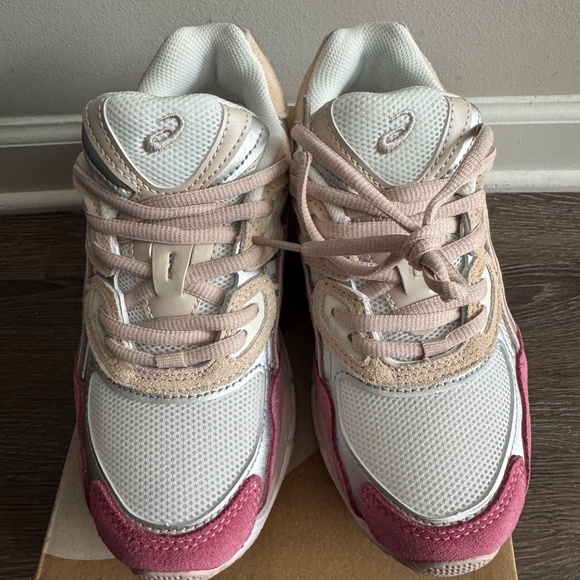 ASICS Gel-NYC - Picture 4 of 8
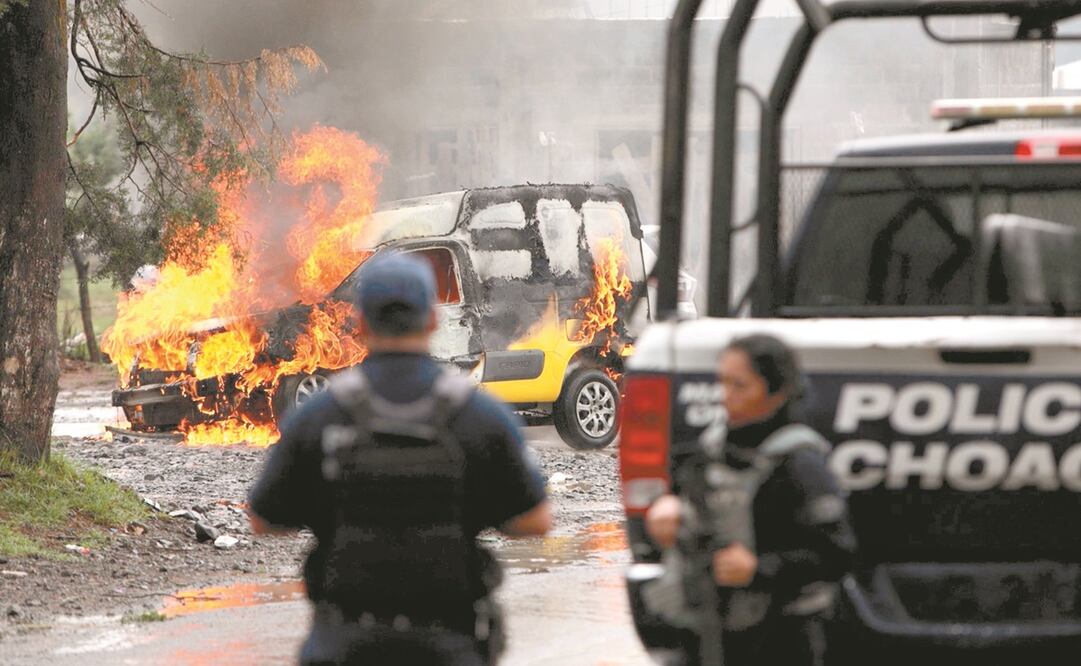 Comuneros incendiaron un vehículo en protesta por las elecciones en Arantepacua, municipio de Ocampo, Michoacán. La Secretaría de Gobernación dijo que sólo se presentaron incidentes de manera focalizada. Foto: Luis Enrique Granados. EFE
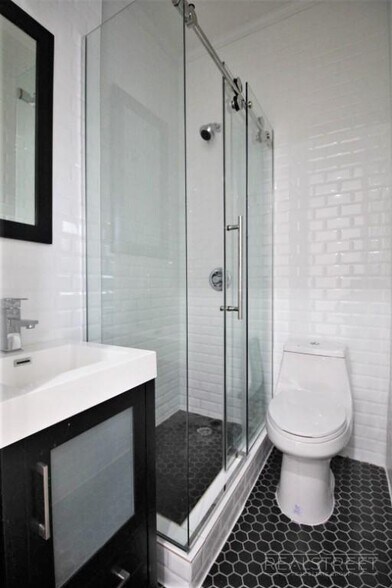 Building Photo - Stunning Modern Studio w Full Amenities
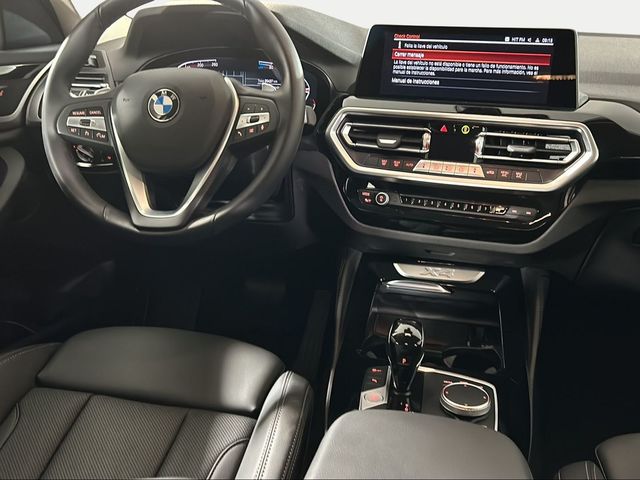 BMW X4 xDrive20d color Blanco. Año 2023. 140KW(190CV). Diésel. En concesionario San Pablo Motor | Su Eminencia de Sevilla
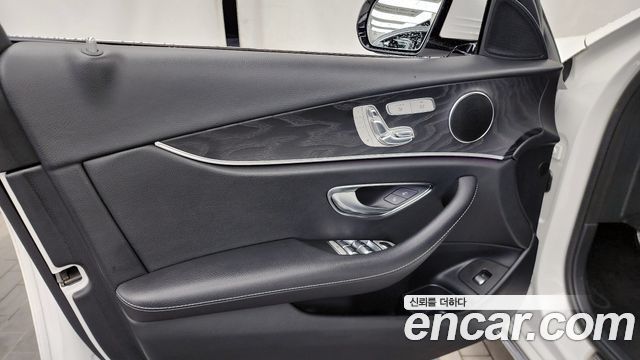 Mercedes-Benz E-Class E220d Avantgarde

========================================================================

Should the entries hold any pictures, please omit those and print the remaining text exactly.

 ASICS Gel-NYC - Picture 4 of 8
 Comuneros incendiaron un vehículo en protesta por las elecciones en Arantepacua, municipio de Ocampo, Michoacán. La Secretaría de Gobernación dijo que sólo se presentaron incidentes de manera focalizada. Foto: Luis Enrique Granados. EFE
 Building Photo - Stunning Modern Studio w Full Amenities
 BMW X4 xDrive20d color Blanco. Año 2023. 140KW(190CV). Diésel. En concesionario San Pablo Motor | Su Eminencia de Sevilla
 Mercedes-Benz E-Class E220d Avantgarde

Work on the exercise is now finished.